Revision breast surgery can vary from minor scar or shape adjustments to full reshaping and resizing of your breast. It will depend on the reasons behind the revision and your breast size, shape, and goals of surgery. If your revision involves breast augmentation using implants or fat, breast lift (mastopexy), or breast reduction, there will be additional information on other breast procedure pages on this site as well.
Light dressings and a support bra will be needed afterward. Support bras are usually advised to be worn between one and three months after surgery. You will also be advised on the care of your breast scars while they heal and fade. The exact aftercare instructions will depend on whether you had implant removal alone or combined with other breast procedures.
Ensure you consider all aspects of a procedure. You can speak to your surgeon about these areas of the surgery in more detail during a consultation.
0.5 to 4 hours depending on the planned procedure
May be general anaesthesia or local anaesthesia depending on the procedure planned
Day surgery unless combined with other procedures that require an overnight stay or a complex breast flap reconstruction
Risks can include early risks of surgery such as bleeding, infection, seroma (fluid build-up), wound healing problems, clots in your leg veins, and breast risks such as the altered sensation of the nipple (usually numbness but can be oversensitivity, usually temporary but can be permanent), asymmetry, recurrence of lax, sagging tissue, loss of tissue including the nipple and areola and poor scarring. If implants are placed, implant risks such as capsular contracture (tight scar tissue around the implant), implants not sitting in the correct position, implant rupture, development of breast implant associated-anaplastic large cell lymphoma (BIA-ALCL) or breast implant associated-squamous cell carcinoma (BIA-SCC) (uncommon forms of cancer found in the capsules around breast implants), breast implant illness symptoms are also considerations.
Risks can be reduced by having your surgery at a healthy and steady weight, planning your surgery in relation to pregnancies and your lifestyle, avoiding nicotine in the run-up to recovery from your surgery, optimizing any health conditions e.g. diabetes, and following your surgeon’s aftercare advice.

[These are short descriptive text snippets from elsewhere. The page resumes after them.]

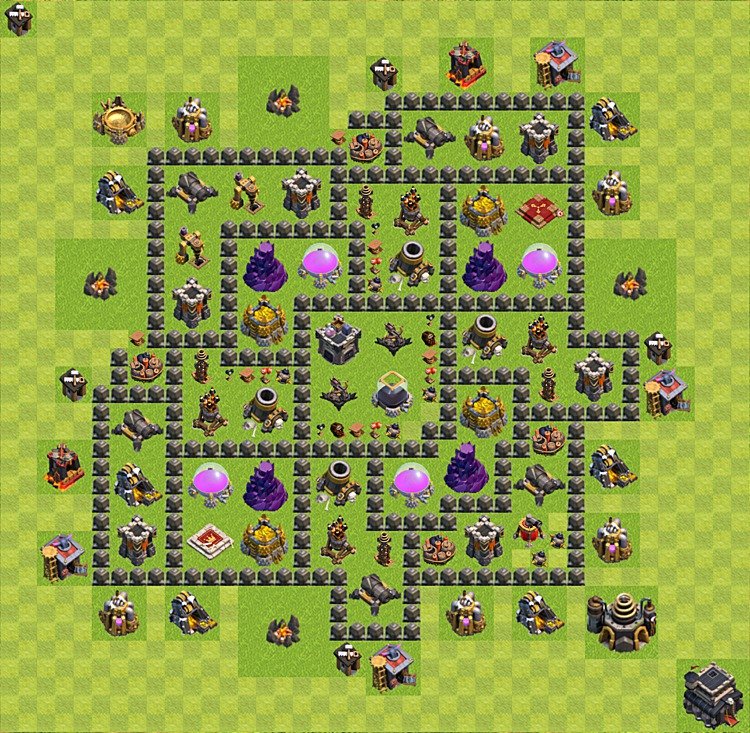 TH9 Defensive Farming Layout – Resource Protection with Link Season 2026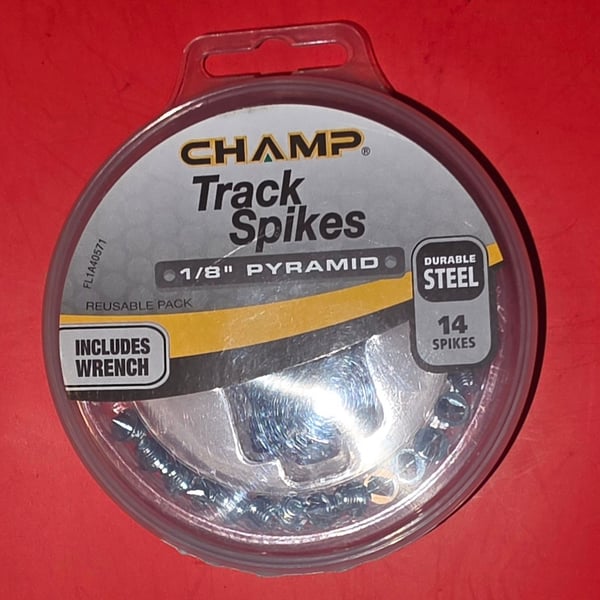 CHAMP Steel Pyramid Replacement Track Spikes - 3/16” (14 ct)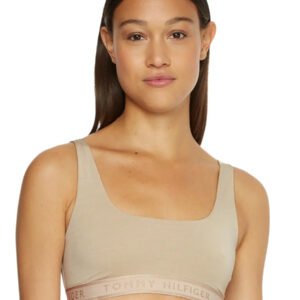 Tommy Hilfiger dámská béžová podprsenka - XS (TRY)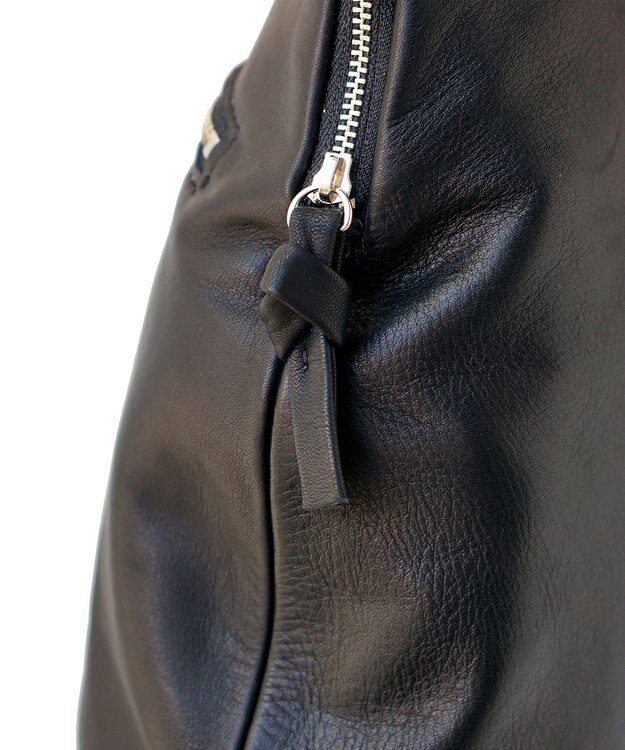 FOLNA RD ソフトレザーブガッティボストンバッグL-SIZE ブラック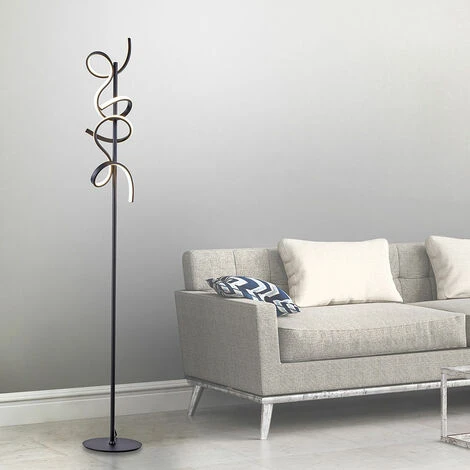 LEUCHTENDIREKT Lampadaire LED Salle à Manger Lampe Sur Pied Noir Projecteurs De Plafond DIMMABLE Lumières Direkt 19031-18 5 LEUCHTENDIREKT Lampadaire LED Salle à Manger Lampe Sur Pied Noir Projecteurs De Plafond DIMMABLE Lumières Direkt 19031-18 – Image 3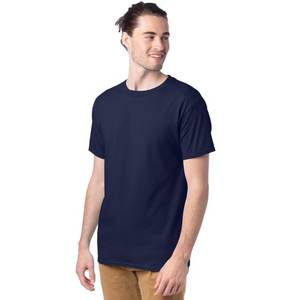 Camiseta de algodón para hombre, camiseta de Color sólido, Camiseta básica informal con cuello redondo para hombre, camisetas clásicas de alta calidad para hombre - Product Image 2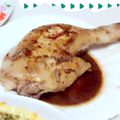 クックJBDD67☆'s cooksnap of when they made ＊クリスマス＊　クリスマスチキン (ローストチキン ～骨付き鶏もも肉のロースト).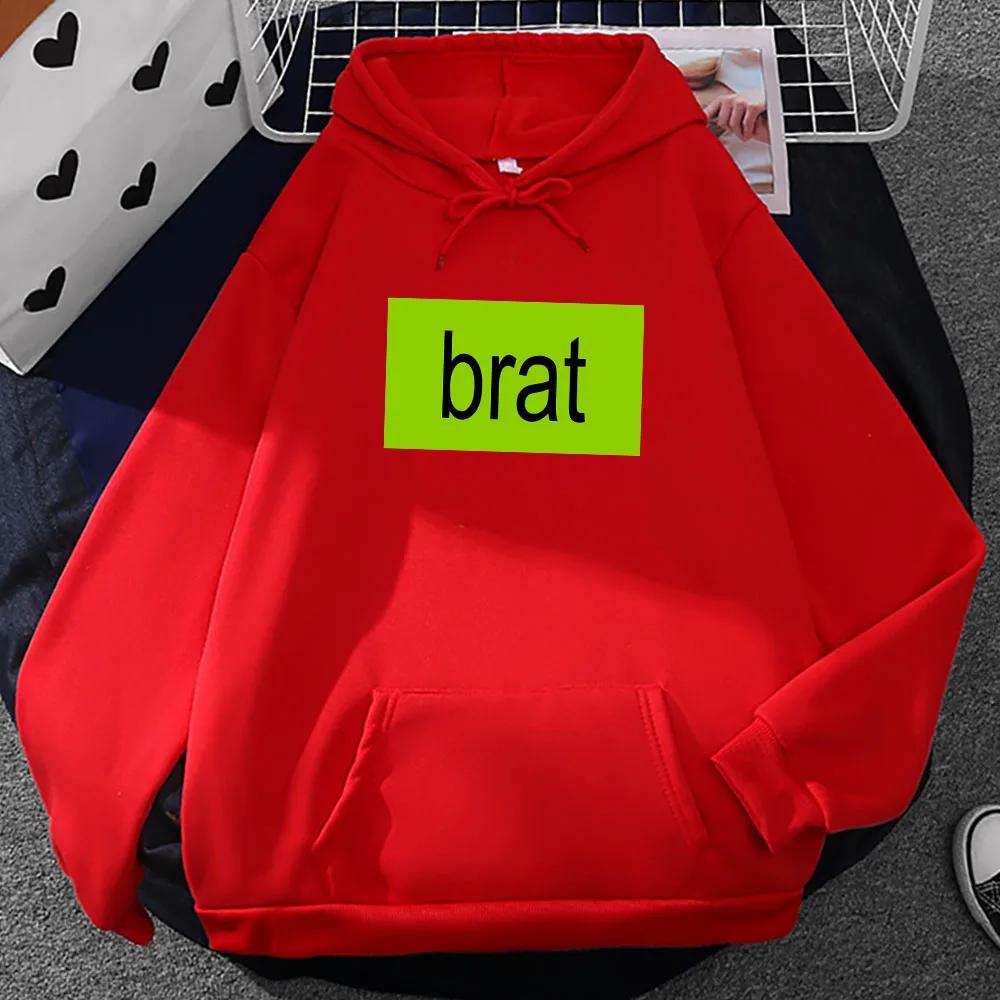 Sudadera Con Capucha Con estampado de cantante Charli XCX para hombre, Sudadera Con Capucha de manga larga, Con estampado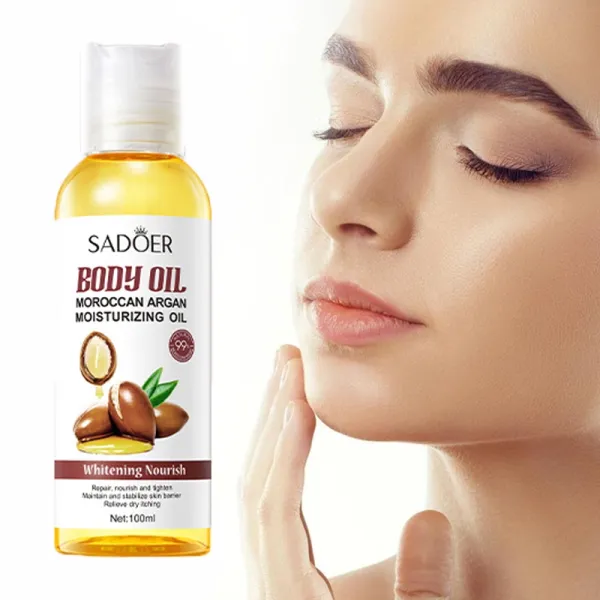 Natural Argan Oil Anti-aging Firming Facial Massage Oil Soothing Moisturizing Sk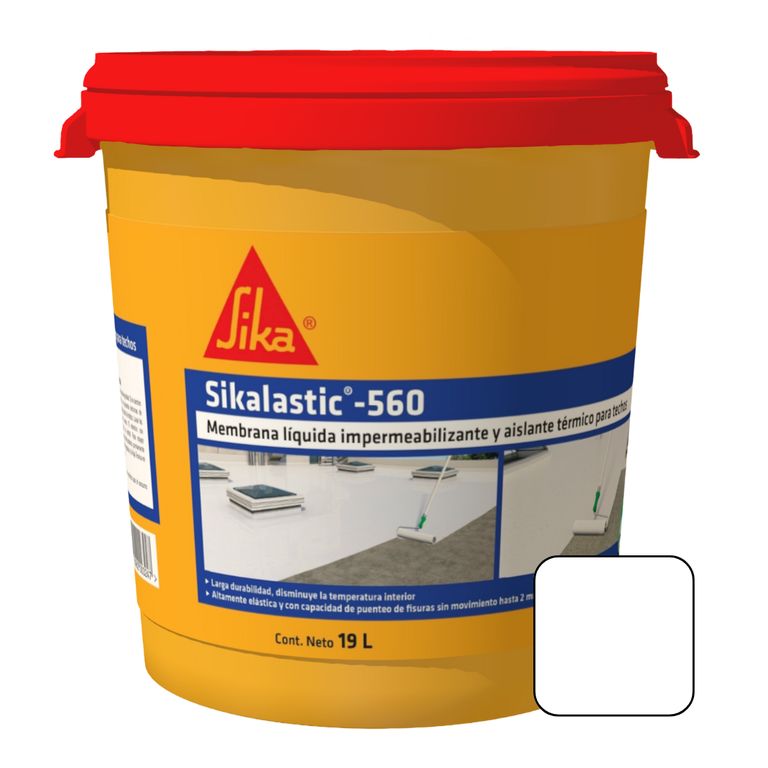 Membrana Impermeabilizante y térmico Sikalastic 560 Blanco 19L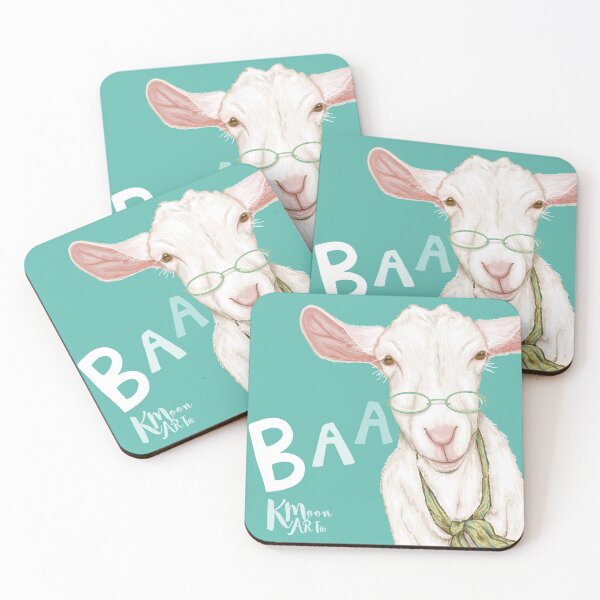 Item preview, Baa Baa Goat (Turquoise Green) designed and sold by kmoonart.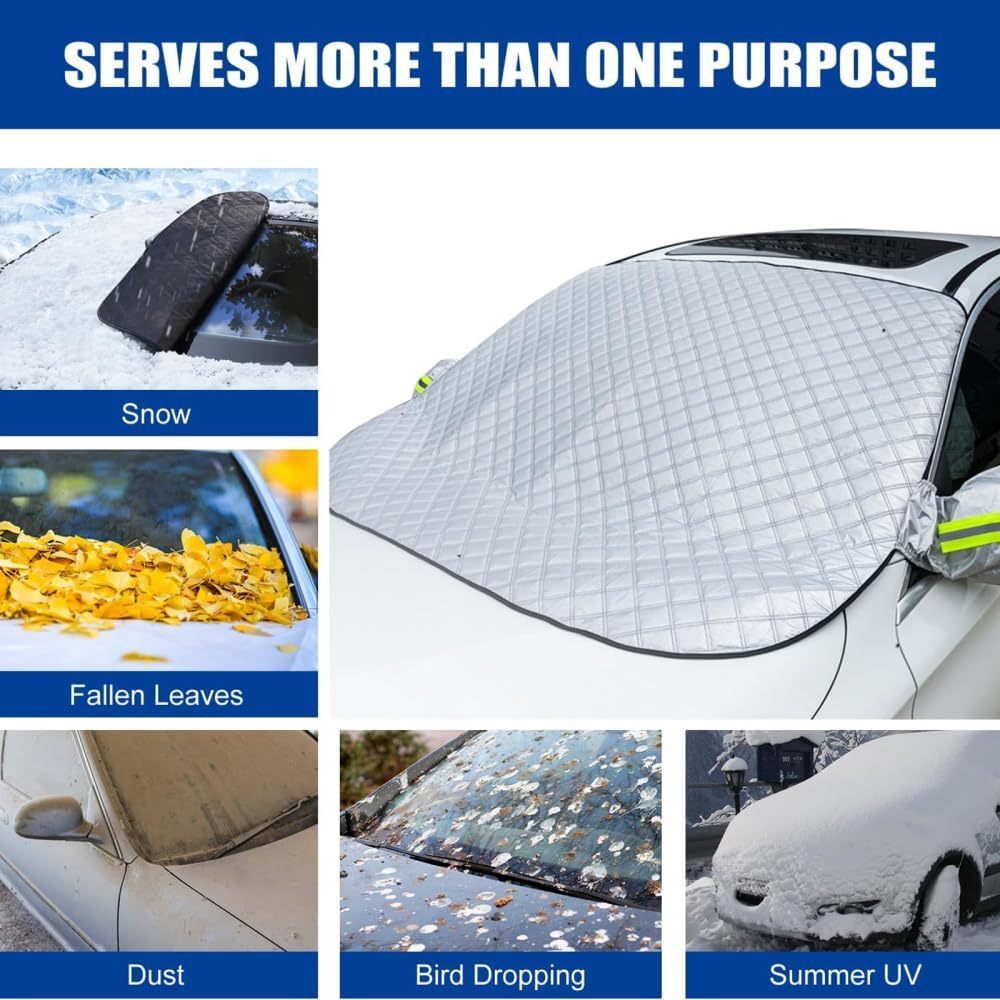 Cross-border vehicle snow cover upgrades nine magnetic snorkels carrying snow against Amazonian cotton-heated winter freezer hoods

This will vary depending on the exact procedure undertaken. It may simply be a small area of your breasts that is tender and requiring a light dressing. But if a full breast revision, your breasts will be swollen, tight and tender particularly in the first two weeks, but usually up to six weeks. Your breast tissue will gradually soften as you heal and as the swelling goes down. Depending on the exact surgery, you may have to allow some time for the final shape and implant position to take place. You may have to adjust to a change in the shape or size of your breasts. You will need to wear a support bra and look after your scars as your surgeon advised. One to two weeks off work is usual. Return to exercise is after six to eight weeks.
Results are long-lasting but are affected by weight gain, weight loss, and hormonal changes such as pregnancy or breastfeeding. The average lifespan of a breast implant is 10 to 15 years so you will need to allow for future surgeries to change your implant if replaced. Breast ageing will continue as well. Mammograms and other breast scans can be performed once you have healed but you should notify the radiographer of your previous/current implants and surgery.